Captioned web images:
=== Section Start ===

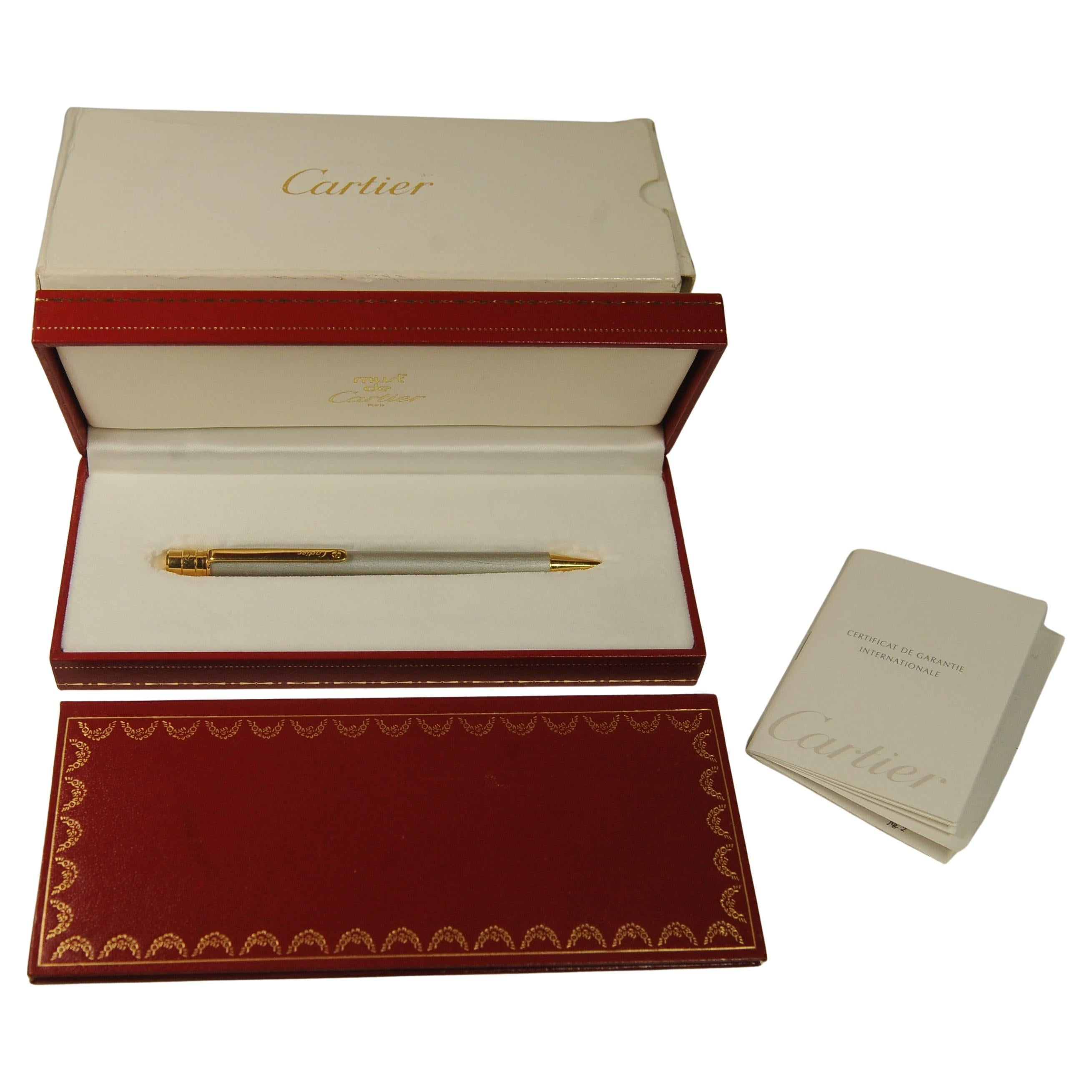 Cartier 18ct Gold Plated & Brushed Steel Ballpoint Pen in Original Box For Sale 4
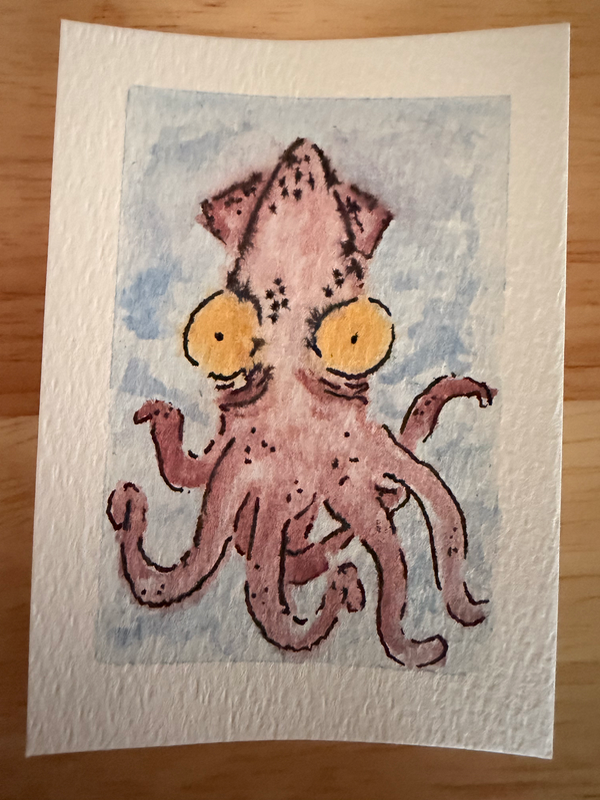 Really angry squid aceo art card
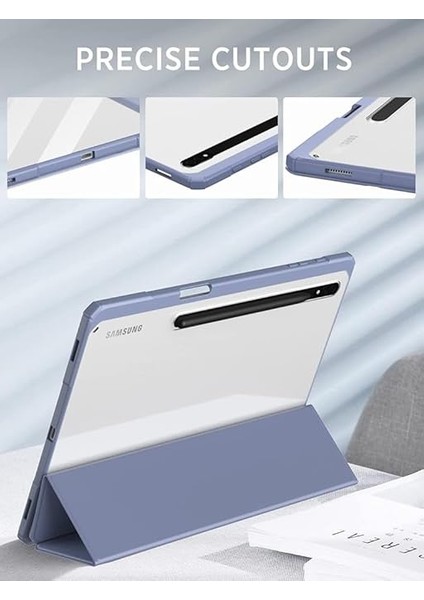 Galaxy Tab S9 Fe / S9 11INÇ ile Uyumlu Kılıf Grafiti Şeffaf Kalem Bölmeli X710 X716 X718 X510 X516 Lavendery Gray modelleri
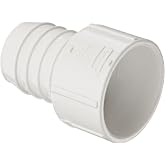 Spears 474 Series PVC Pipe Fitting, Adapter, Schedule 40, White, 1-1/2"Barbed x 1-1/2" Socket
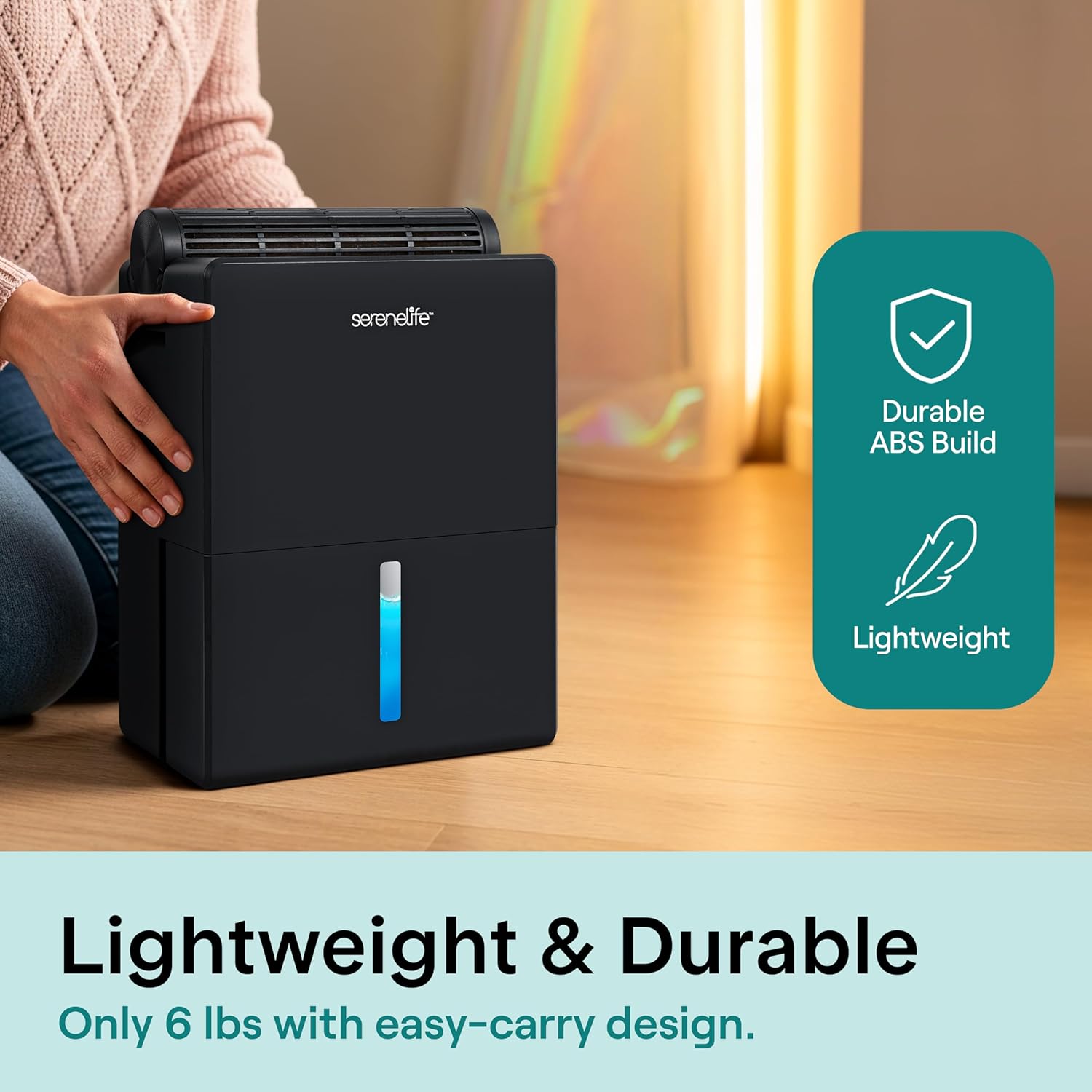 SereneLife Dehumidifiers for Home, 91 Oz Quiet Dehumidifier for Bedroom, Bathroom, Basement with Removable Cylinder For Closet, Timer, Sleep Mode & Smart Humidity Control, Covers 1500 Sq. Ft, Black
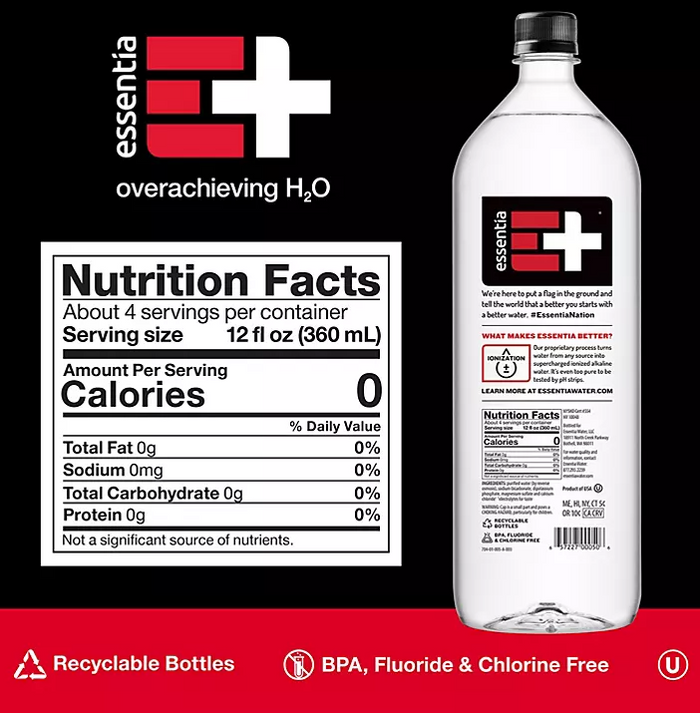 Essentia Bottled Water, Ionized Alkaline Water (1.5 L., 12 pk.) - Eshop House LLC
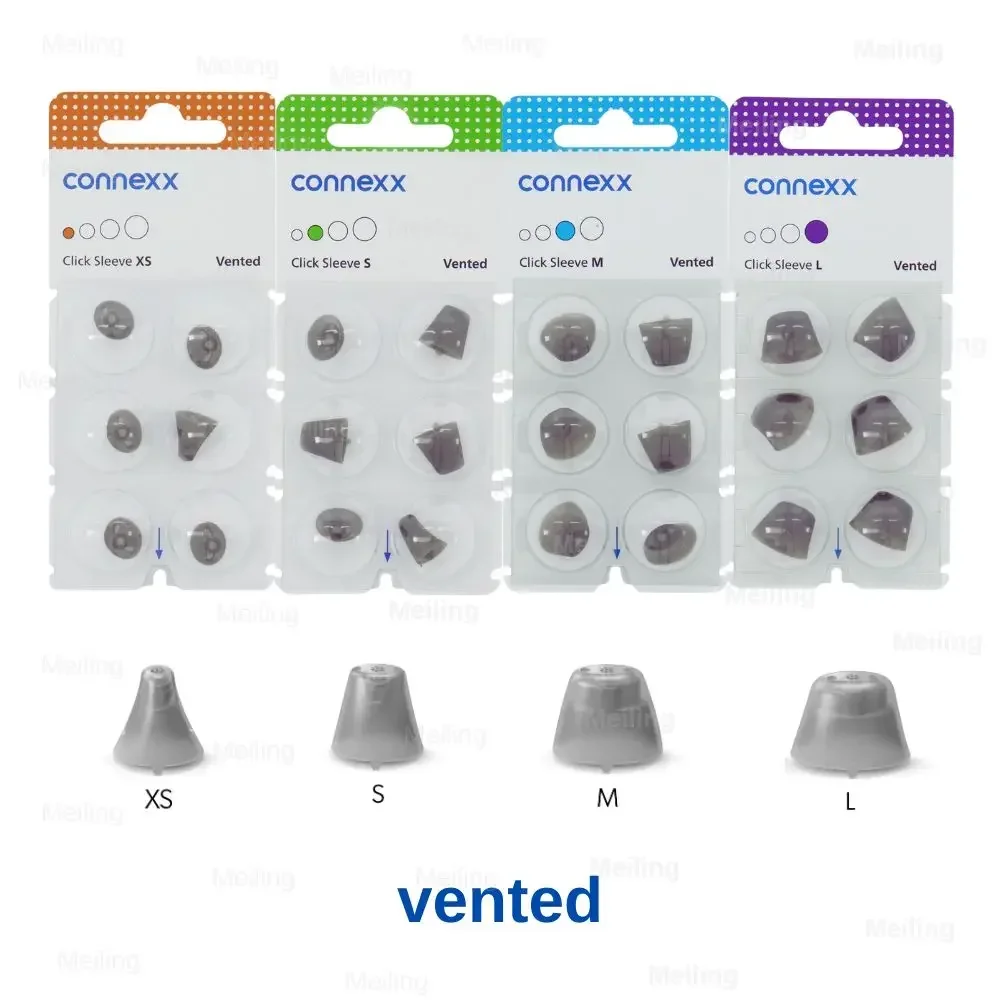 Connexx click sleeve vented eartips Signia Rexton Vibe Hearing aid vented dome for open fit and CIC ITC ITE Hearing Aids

=== Section End ===

> _PROBLEM TO WORK ON_
In the records above, find the line that contains "Galaxy Tab S9" and retype it and all lines after it exactly, leaving out any pictures.

> _RESPONSE_
 Galaxy Tab S9 Fe / S9 11INÇ ile Uyumlu Kılıf Grafiti Şeffaf Kalem Bölmeli X710 X716 X718 X510 X516 Lavendery Gray modelleri
 Spears 474 Series PVC Pipe Fitting, Adapter, Schedule 40, White, 1-1/2"Barbed x 1-1/2" Socket
 SereneLife Dehumidifiers for Home, 91 Oz Quiet Dehumidifier for Bedroom, Bathroom, Basement with Removable Cylinder For Closet, Timer, Sleep Mode & Smart Humidity Control, Covers 1500 Sq. Ft, Black
 Essentia Bottled Water, Ionized Alkaline Water (1.5 L., 12 pk.) - Eshop House LLC
 Connexx click sleeve vented eartips Signia Rexton Vibe Hearing aid vented dome for open fit and CIC ITC ITE Hearing Aids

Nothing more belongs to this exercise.